Movement in the water

11 May 2021 - April 2023

On New Years eve 2021, it rained. It rained and it rained and it rained. It didn’t stop raining for 3 days straight. 150mm fell in one night. In the beginning, the sound of the rain was gentle, but persistent. However, after many hours of the sound of rain, its presence began to generate anxiety.

Drop by drop, the whole township flooded. Our creek, where the eel lives, transformed into a raging torrent.

We went out with bolt cutters to cut fences to shift stock to higher ground. We went out to try and save our neighbours house from flooding. I went out to dig ditches and devised ways to convert the water away from my studio, and our home.

I have been keeping an eye on the eel in the creek, for 10 years.

When we first shifted to this neck of the woods, my mother and I used to go down the creek on a Friday evening to have a glass of wine. We noticed the eel & started to feed it. Over time we came to appreciate the mysterious creature, and all the while we sort of suspected it would one day disappear, but it didn’t.

It stayed in the creek. Visitors and children delighted to go down there and visit the eel. Often I would take solace when life got tough, to go down there and sit by the water & feed the eel. We learnt a lot about the eel, its life span, it's feeding habits, the habitat it likes to live in. Long fin eels are endangered.

It rained. It rained and it rained & we thought it would never stop raining.

When the raging torrent of the water swirled and streamed over the paddocks, I thought about the eel & what it would be like to be down there, under the side of a bank while the volumes of water sped with force all around.

When the water subsided, rumours started. People with lumpy custard for brains told half baked stories. They said it was our fault that the township had flooded, because of the eel.

A fella turned up last year from the council, who was doing some flood protection work along the creek beds. He was there with his big orange digger, scouring out the creek beds & banking it up on the sides. We asked him to spare about 1 meter down where the eel lives, so she could still have her home. He wasn’t very impressed with the request, but he did it anyway. A bloke with a big machine.

Later, covid happened. Everything was shutdown. We were shut down with an enormous orange digger in our paddock for more than 6 months, long after the lockdowns ended. People got talking & someone came up with the idea that we must have stopped the digging somehow, and we were to blame for the flooding… because of the eel.

When the clouds parted, I stood outside and gazed at the Rock & Pillar Range. But I wasn’t looking, I was listening. What I was listening to was the sound of many waterfalls, a sound that nobody had ever heard here in their whole lifetimes. It was the sound of the mountains song, an ancient sound. A sound you hear when the earth is telling you to listen.

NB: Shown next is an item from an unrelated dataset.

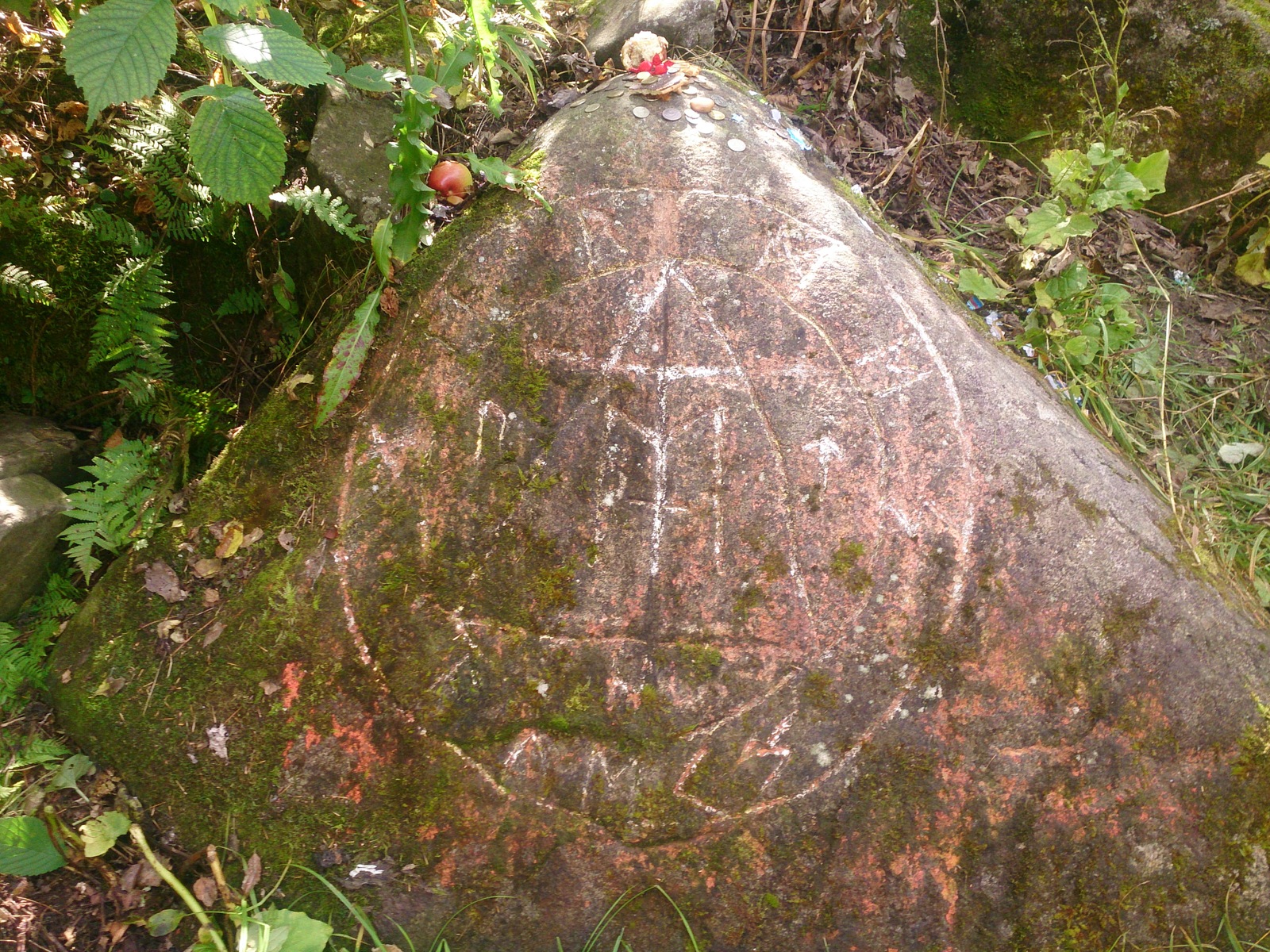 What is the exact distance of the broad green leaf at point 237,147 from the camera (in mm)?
1656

Couple day’s later, we went for a walk up at the foot of the mountain. Whole boulders and massive slices of creek banks had been washed away, rocks lifted and thrown at either side of the creeks. The mountain was scarred with slips. We noticed and observed where the creeks converged together, the flattened paddocks, the evidence of the enormous force of water which had sped down towards the township from the mountain.

Experts said that they had never seen anything quite like it.

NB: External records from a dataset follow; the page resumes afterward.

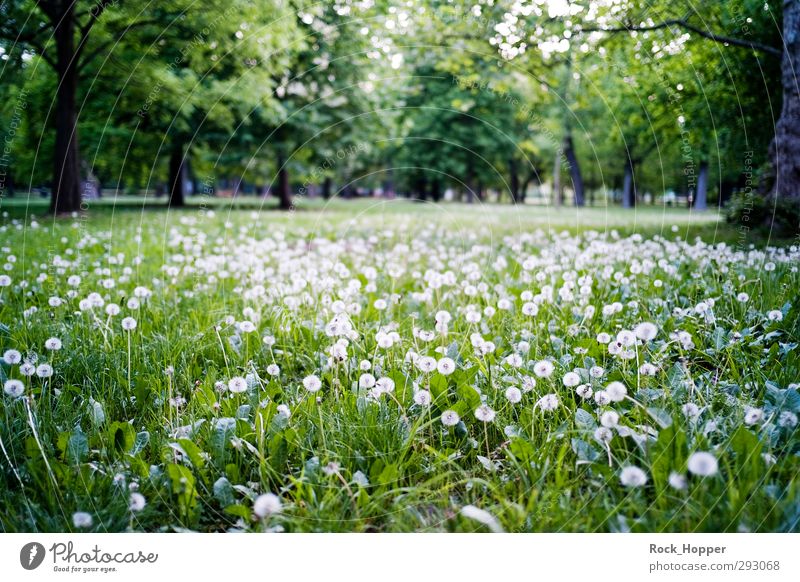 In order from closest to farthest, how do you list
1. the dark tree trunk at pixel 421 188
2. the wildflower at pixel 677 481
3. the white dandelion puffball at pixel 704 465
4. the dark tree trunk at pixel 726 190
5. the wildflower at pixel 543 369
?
the white dandelion puffball at pixel 704 465 → the wildflower at pixel 677 481 → the wildflower at pixel 543 369 → the dark tree trunk at pixel 726 190 → the dark tree trunk at pixel 421 188

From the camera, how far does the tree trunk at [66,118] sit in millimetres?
8742

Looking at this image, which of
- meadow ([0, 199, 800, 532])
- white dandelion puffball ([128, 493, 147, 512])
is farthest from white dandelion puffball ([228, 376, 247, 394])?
white dandelion puffball ([128, 493, 147, 512])

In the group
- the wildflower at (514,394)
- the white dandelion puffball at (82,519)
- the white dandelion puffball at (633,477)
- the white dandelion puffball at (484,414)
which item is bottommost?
the white dandelion puffball at (82,519)

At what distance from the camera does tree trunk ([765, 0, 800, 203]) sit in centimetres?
396

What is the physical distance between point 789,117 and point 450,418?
470cm

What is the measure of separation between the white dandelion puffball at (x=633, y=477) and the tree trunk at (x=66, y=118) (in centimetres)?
886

On a calm day when the sun started to shine & the water become clear, I went down to the eel hole, to check if she was still there.

Her eely body slid out from under the remains of her eel home, and swam gracefully over to take some food from off a stick.. She had survived the floods. She knew nothing about the lumpy custard for brains.

I went down several times afterwards and fed the eel, last time I saw her it was a magic moment. I was standing in the water and she came right up to my hands in the water, I had a piece of food, she took it, and then she let me hold her in the water underneath her belly, she felt smooth, cold and velvety.

After that I never saw her again.

I went down there last time and stood in the creek & I swear I could feel the magnetic pull in the water, a pull that the eels must feel when they know it is time to go, time to go to the ocean, to spawn, to die, to surrender their life. To live by the laws of nature and its wisdom, to feel no fear and to be free.